═════ Data ═════
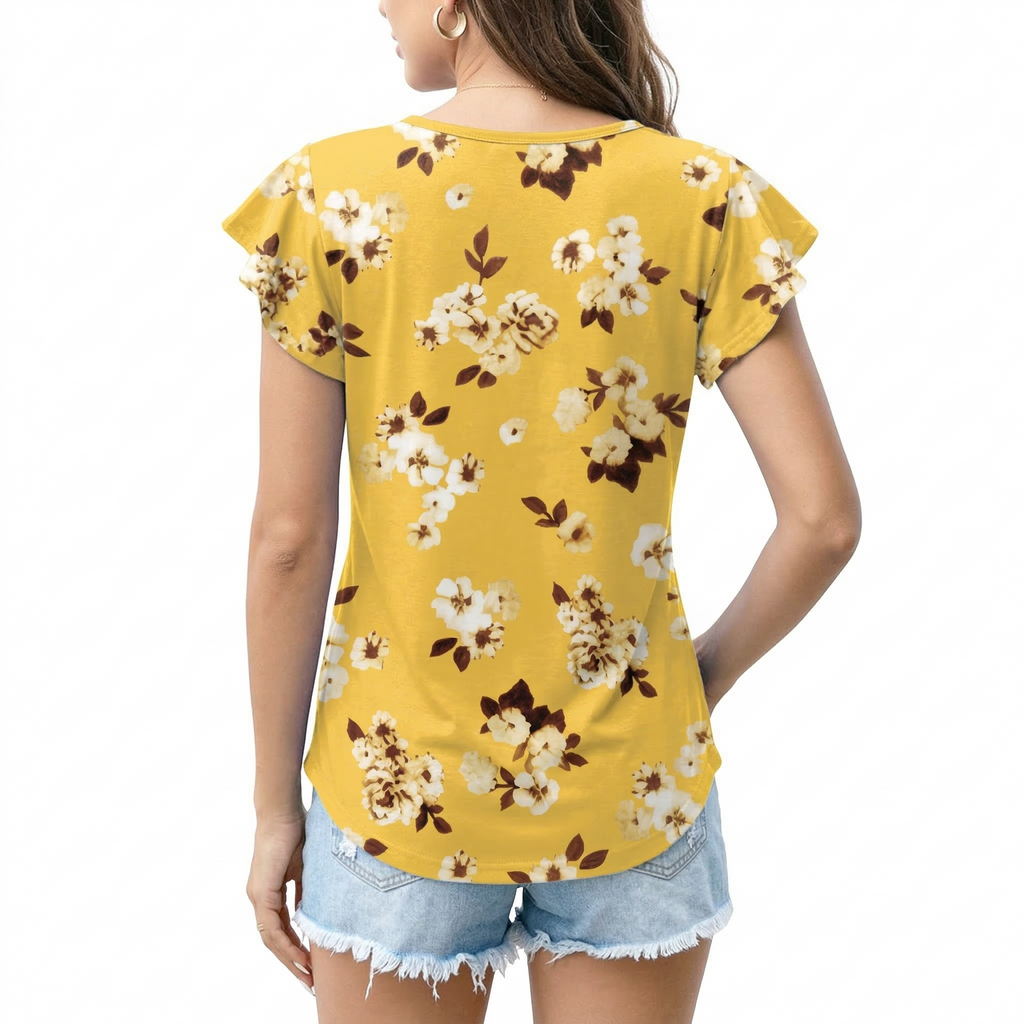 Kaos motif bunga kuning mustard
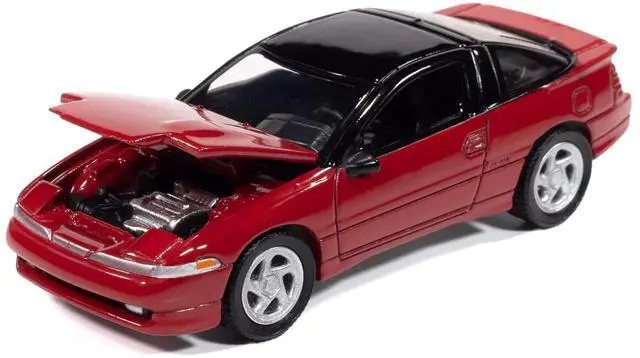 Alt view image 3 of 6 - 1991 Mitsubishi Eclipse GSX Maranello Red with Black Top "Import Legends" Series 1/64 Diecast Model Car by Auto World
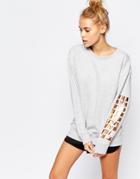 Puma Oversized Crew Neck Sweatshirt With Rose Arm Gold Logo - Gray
═════
**What to do:** Would you restate, word for word, the lines from the one holding "Alt view image" through the end of the material above? Omit the pictures.

**Answer:**
 Alt view image 3 of 6 - 1991 Mitsubishi Eclipse GSX Maranello Red with Black Top "Import Legends" Series 1/64 Diecast Model Car by Auto World
 Puma Oversized Crew Neck Sweatshirt With Rose Arm Gold Logo - Gray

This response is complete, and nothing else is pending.